But Townsend reminds us that that’s hard. First of all, it’s just plain hard.
Second, without growing up in a community that musically supports/creates that tradition, or without having lots of apprenticeship opportunities (the ones that musician-employing night-clubs supply), it’s going to be even more work. And that’s the situation most of us tend to be in these days. Of course, as I’ve mentioned, it is not impossible: Eric Clapton, and even more so Dave Gonzalez, largely pulled it off. We could name others.
And third, there is another whole dimension of difficulty. That of authenticity. From down-home folks, the middle class people you come from, and your own self, a question will arise: is your trying to musically be what you just socially/intellectually aren’t the right thing to do?
As Plato could have told you, to get up on stage and sing (or even play) the blues, the country & western, or the soul music, is to be imitating the personalities of the early-20th century Mississippi Delta, 1930s Appalachia, or mid-century black-gospel schooled urban youth. And you won’t be able to do that unless you to some extent cultivate that personality and language within yourself, and to some extent live that life as much as is currently possible.
Muddy Waters, speaking of the British R + B explosion represented by the Rolling Stones, Yardbirds, Them, The Pretty Things, The Kinks, etc., said “The white kids can…run a ring around you playing guitar, but they cannot vocal like a black man.” Well, I’d want Waters to consider the Van Morrison and Eric Burdon cases more closely, but the basic point is undeniable. And Waters also puts it this way, in a quote that undercuts even the talent of the best guitar players like Clapton and Page:
“I think they’re great people, but they’re not blues players. Really, what separates them from people like Howlin’ Wolf and myself, we’re doing the stuff like we did way years ago down in Mississippi. These kids are just getting up, getting stuff and going with it, you know, so we’re expressing our lives, the hard times and the different things we been through. I don’t think you can feel the blues until you’ve been through some hard times.”

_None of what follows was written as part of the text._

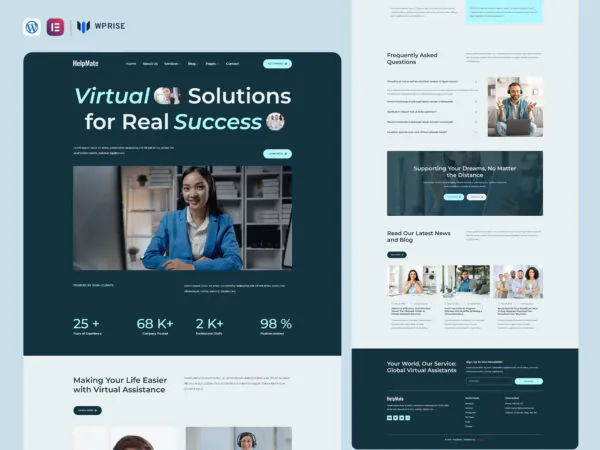 HelpMate & Virtual Assistant Service Elementor Template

So for the British blues purists, there seemed no way to win—a few stuck it out and became real blues musicians, but most, even those most attuned to and capable of doing the style such as Van Morrison, found it necessary soon enough to bring other elements into their music—to “get other stuff.” Brian Jones, perhaps the most purist blues player of the Stones’ initial line-up, felt the problem from the get-go:
“If you ask some people why they go for R+B you get pretentious answers. They say that in R+B they find ‘an honesty of expression’ …and so on, for me it’s merely the sound…I mean, I like all sorts of sounds…It doesn’t express damn-all to me, really…But I like the sound.”
Bayles is pretty hard on the Stones, and one of her ways of showing their falling short of blues standards is to compare Muddy Waters’ I Just Want to Make Love to You with the Stones’ cover of the same. I certainly admit that Waters’ song is better as blues songs go and as singing in general goes; and I agree that it’s “sex” is more attuned to personal reality whereas the Stones turn things into a guitar-centered celebration of sexual freedom and prowess. And yet, as its own sound, I like the Stones’ version plenty. It works as a high energy rock n’ roll song, and it’s hard to argue with that guitar solo. That entire album, England’s Newest Hitmakers, is really pretty good so long as you grant the mixed quality of Jagger’s singing and ignore its very poor studio recording. In my opinion, they wind up owning “Route 66,” “Not Fade Away,” and perhaps even “Carol.” So I feel obliged to give these art-school boys credit for doing their British bohemian best to get in there and play blues and rock n’ roll as well as they could, to not have waited until they had a better singer or had learned their blues better.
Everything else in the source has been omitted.